| PROBLEM TO WORK ON |
Write out again the lines from the line with "Overall, it will" up to and including the line with "Who cut the cheese? Not", exactly as they stand below, and skip any picture.

____

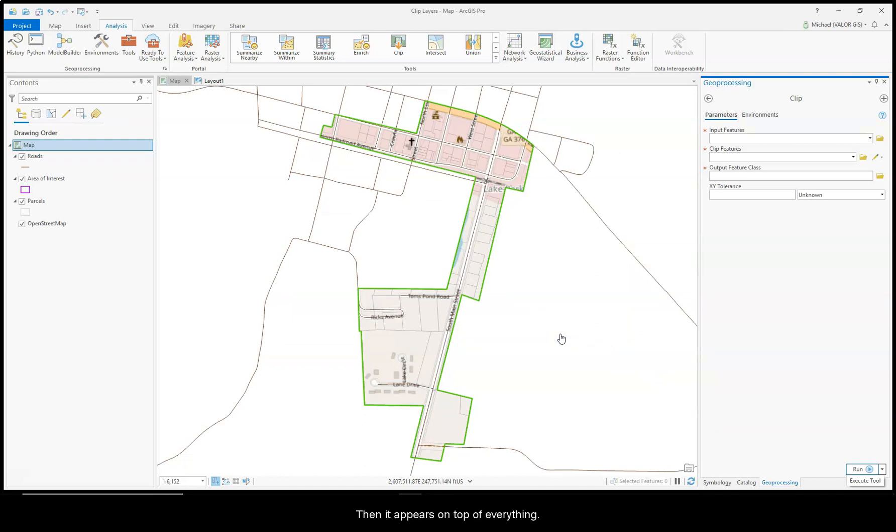And then it appears on top of everything. So that's the way to clip layers visually. Thanks for listening.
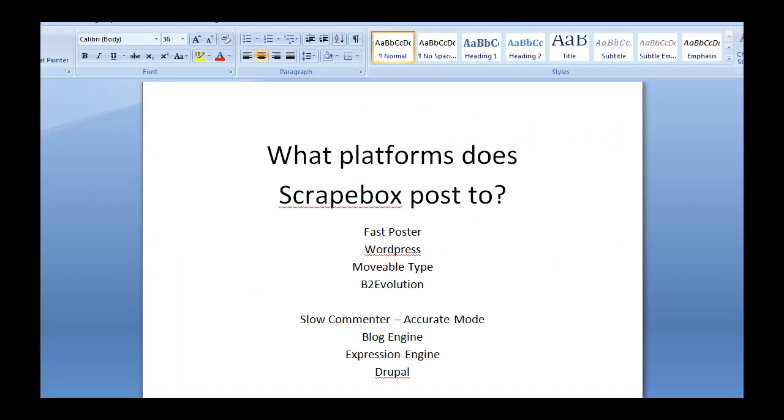What platforms does Scrapebox post to? Well, in fast poster mode, it posts to WordPress, MovableType, and B2 Evolution. In slow comment or accurate mode, it posts to BlogEngine, ExpressionEngine, and Drupal. Now, you don't have to enable accurate mode, but results can vary.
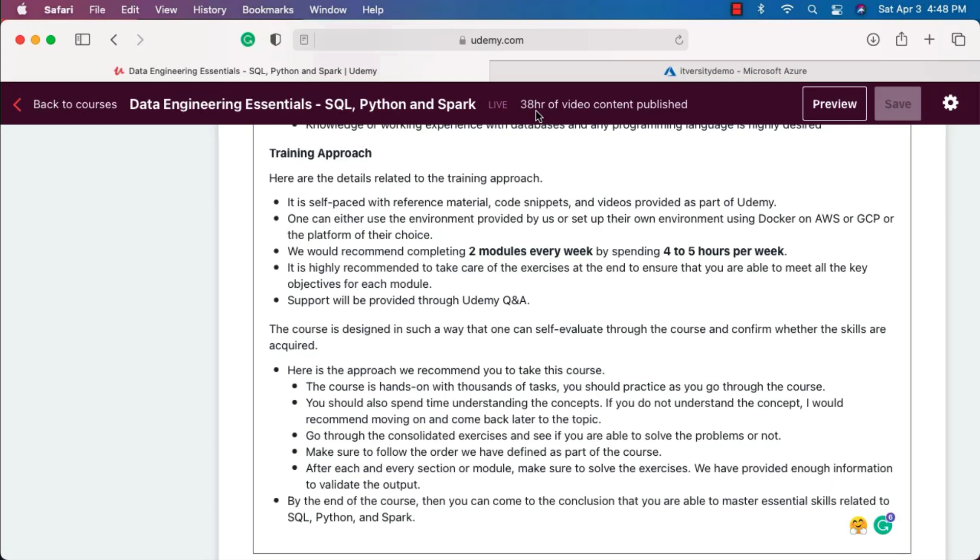Overall, it will take 160 hours to complete this course. When it comes to freshers, if they have more time, they should be able to spend all their time on this course itself and they should be able to wrap up within four to six weeks.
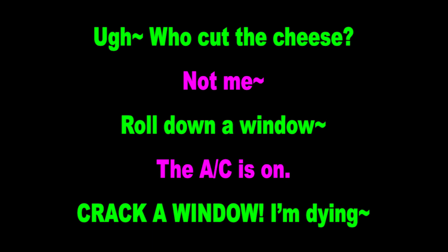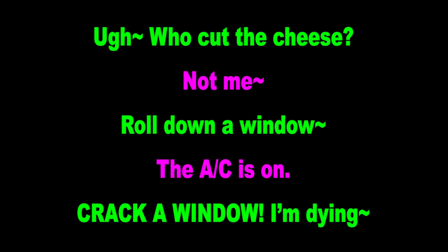Who cut the cheese? Not me! Oh, roll down a window! Oh, the AC is on. Crack a window — I'm dying! Who cut the cheese? Oh, roll down a window! The AC is on. Crack a window — I'm dying!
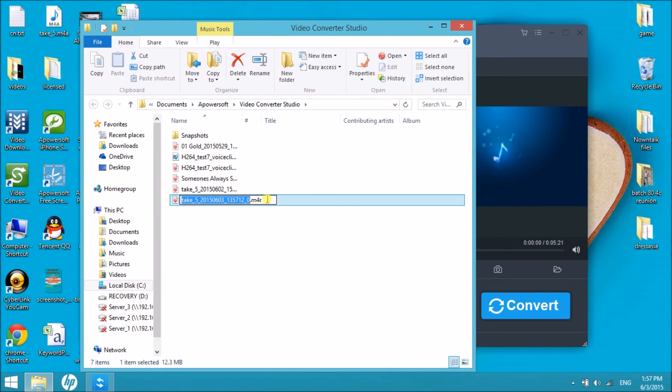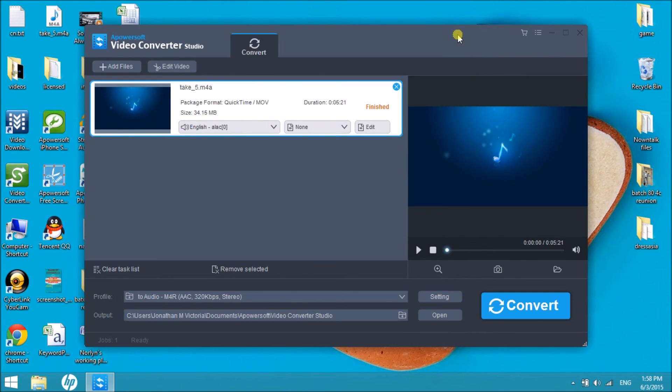You can now easily convert m4a files to m4r format. Grab your Video Converter Studio now. Thank you for watching, I'll see you in the next video.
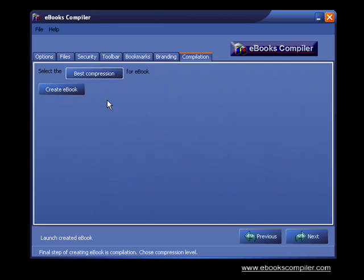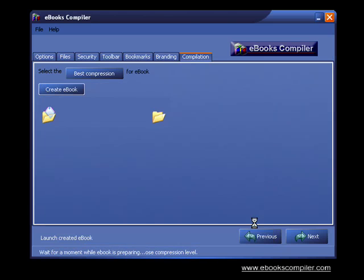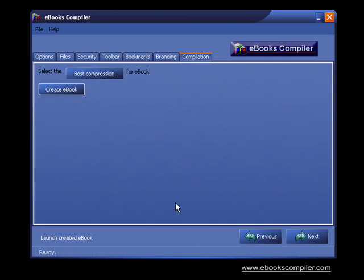Next, click on the Create Ebook button. You'll see a pop-up window where you can name and save your ebook. After compression, you can click on the Launch Created Ebook button at the bottom left of the screen to view your ebook.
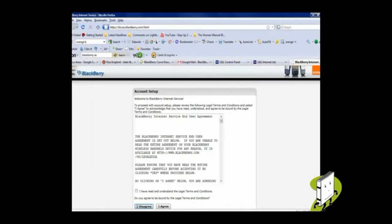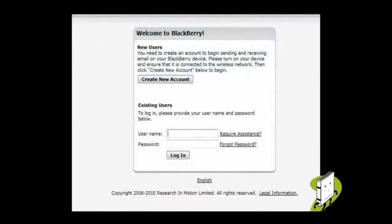Creating a new account literally only takes a few moments to set up. Just agree to the terms and conditions and enter the required information.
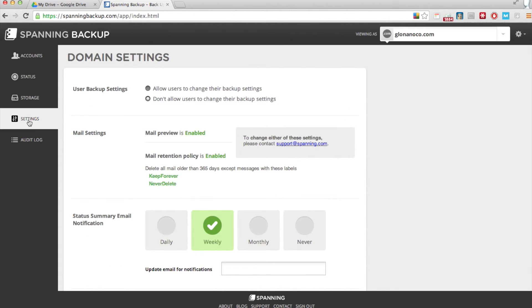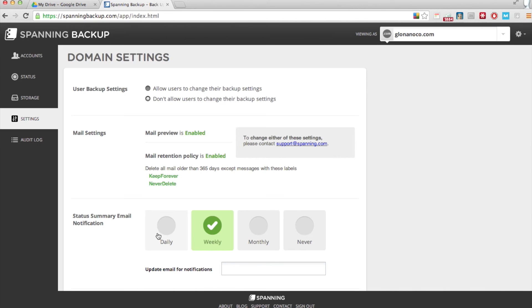Spanning Backup for Google Apps offers you the option to get email updates about your backup status daily, weekly, or monthly. We recommend getting at least a weekly update. That way you can do a quick check once a week to make sure all of your files are in good shape.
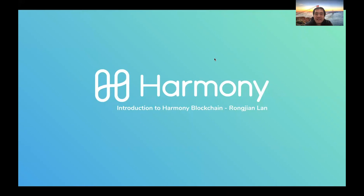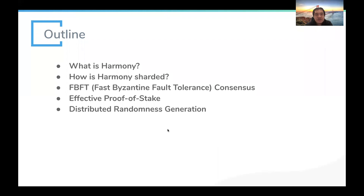Hello everyone, my name is Rongjian Lan, I'm the CTO of Harmony Blockchain. I'm very excited to have you join our Hack the Horizon hackathon and attend this workshop. In this workshop I'm going to talk about what Harmony protocol is like — the main features, why and how Harmony is a sharded blockchain, the FBFT consensus protocol, the Effective Proof of Stake staking model, and the distributed randomness generation protocol.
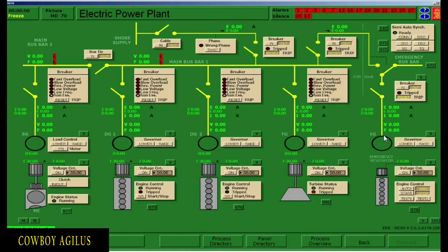So if you start the generator and come here to number 70, check for the output voltage in letter V. There should be a 440 volts reading here. If you do not see a 440 volts reading, go down to voltage control and click on — the 440 volts will appear. Then connect the breaker by clicking breaker in. After that, go back down to the engine control and click auto. Do not forget to put your emergency generator switchboard in automatic mode.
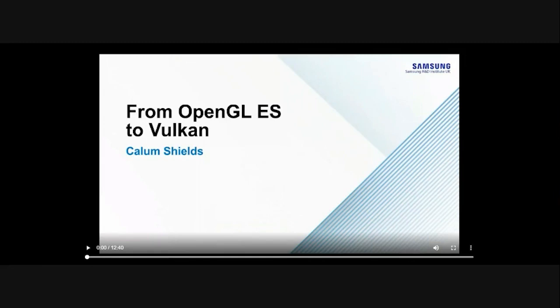This talk was originally supposed to be by a different engineer, Soran, but unfortunately due to unforeseen circumstances he couldn't be here. Callum from the Samsung Research UK Game Eco team has recorded a presentation — it's a little bit shorter than planned, but we've done what we could. I'll just hit play and then come up at the end to answer any questions.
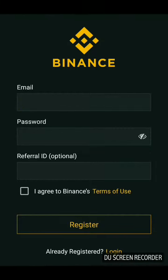This is JP here. As you can see, this is the Binance registration page. You have to fill in the required data: the email ID, the password, and any referral ID that may have referred you — that is optional. Then you have to agree to the Binance terms of use and just click on Register.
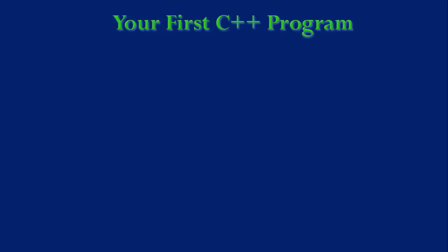Welcome back to Cool Computer Science. In this video, I'm going to show you how to write your very first C++ program.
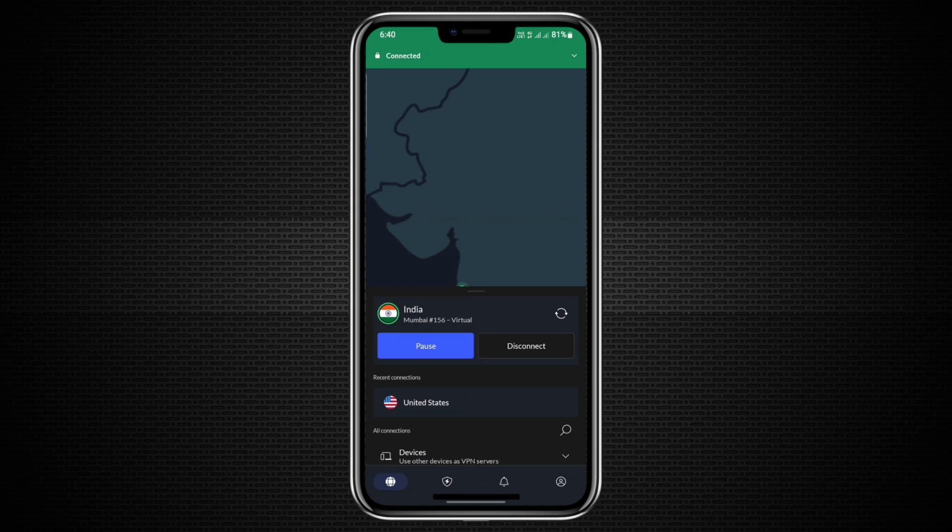One of the best parts is their 30-day money-back guarantee. This means you can try it out risk-free, and if you're not satisfied, you can request a refund. If you're ready to give it a try, be sure to check out the link in the description for a great price.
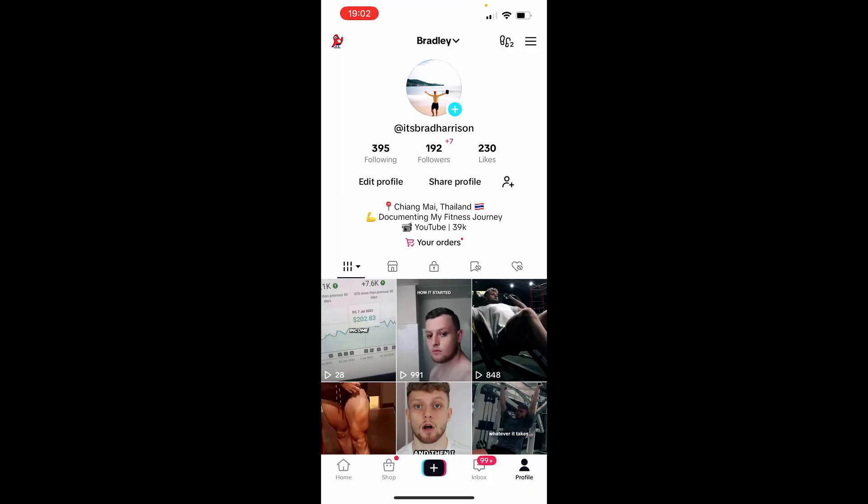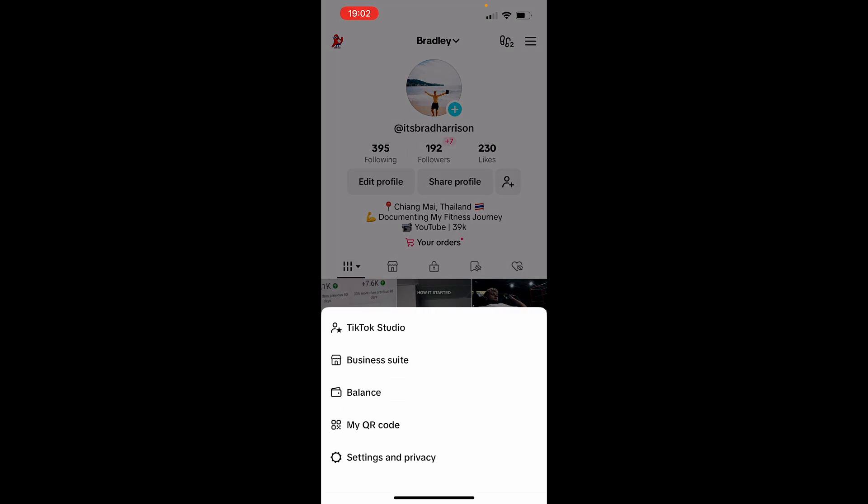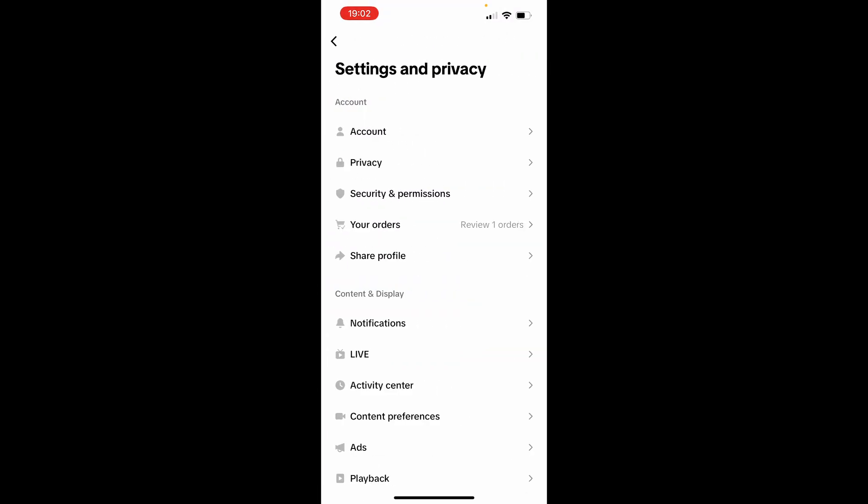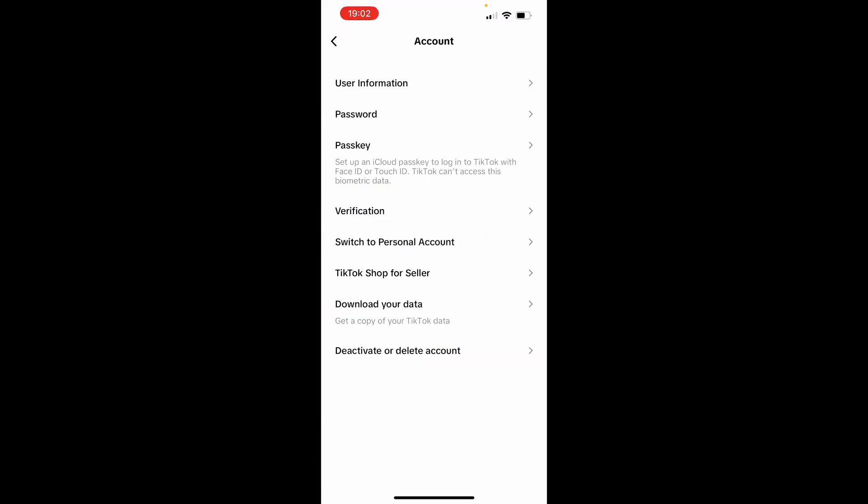Once you're here, go to the three lines in the top right, click on those and go to Settings and Privacy. Then if you go ahead and click on Account, you'll then see under the second one here it'll be Password.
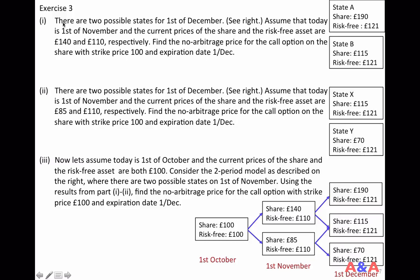Part 1. There are two possible states for 1st of December. State A: the share price is £190 and the value of the risk-free asset is £121. State B: the share price is £115 and the risk-free asset has the same value. Today is 1st of November; the current prices of the share and risk-free asset are £140 and £110 respectively. Find the no-arbitrage price for the call option on the share with strike price £100 and expiration date 1st of December. This question is easier than the previous exercise because there are only two states.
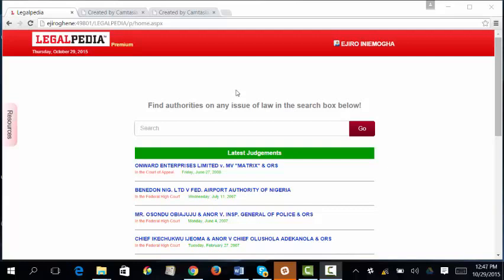With Legalpedia's super fast search engine navigation, you will find in seconds relevant options that come with a simple interface, stunning visuals, easy search, intuitive navigation, and seamless updating. Finding authorities is just as easy as one, two, three, four steps — it's so easy anybody can do it.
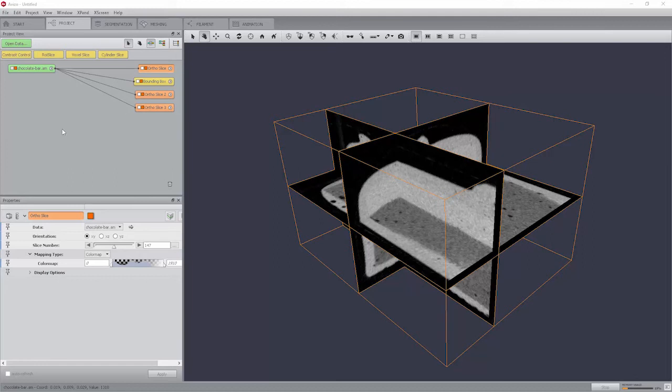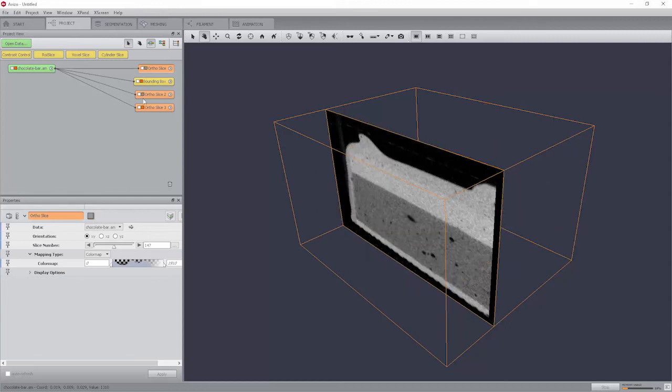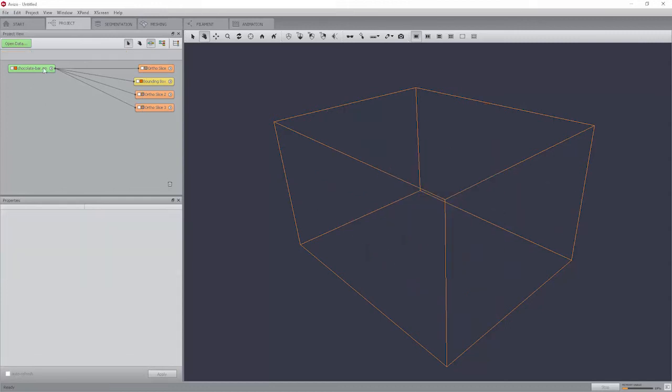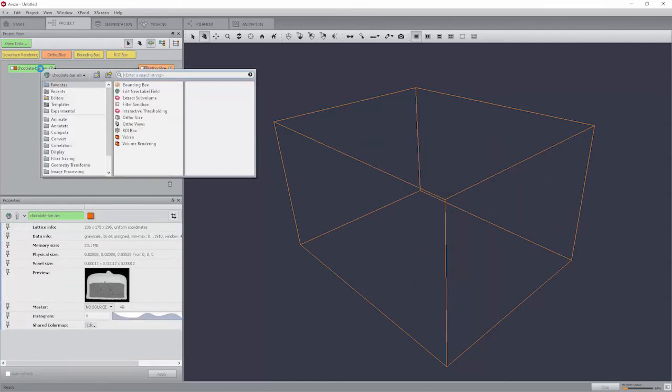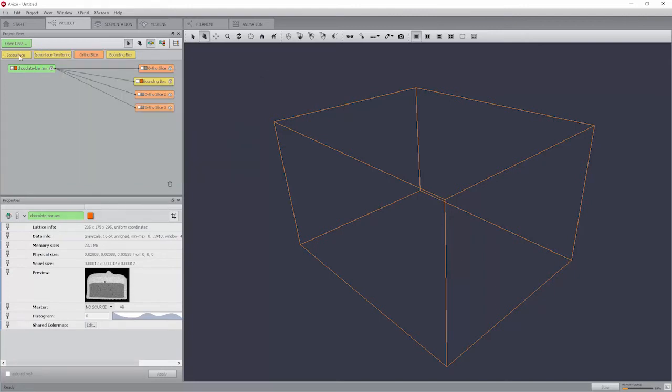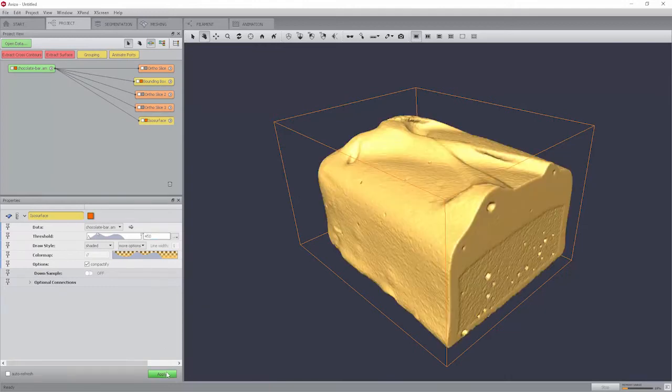Turn off the viewer toggle of the ortho slice modules. Connect an ISO surface module to the data record and select it. Adjust the threshold to 450 or a similar value. Press the Apply button.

____

| WORKED SOLUTION |
Overall, it will take 160 hours to complete this course. When it comes to freshers, if they have more time, they should be able to spend all their time on this course itself and they should be able to wrap up within four to six weeks.
Who cut the cheese? Not me! Oh, roll down a window! Oh, the AC is on. Crack a window — I'm dying! Who cut the cheese? Oh, roll down a window! The AC is on. Crack a window — I'm dying!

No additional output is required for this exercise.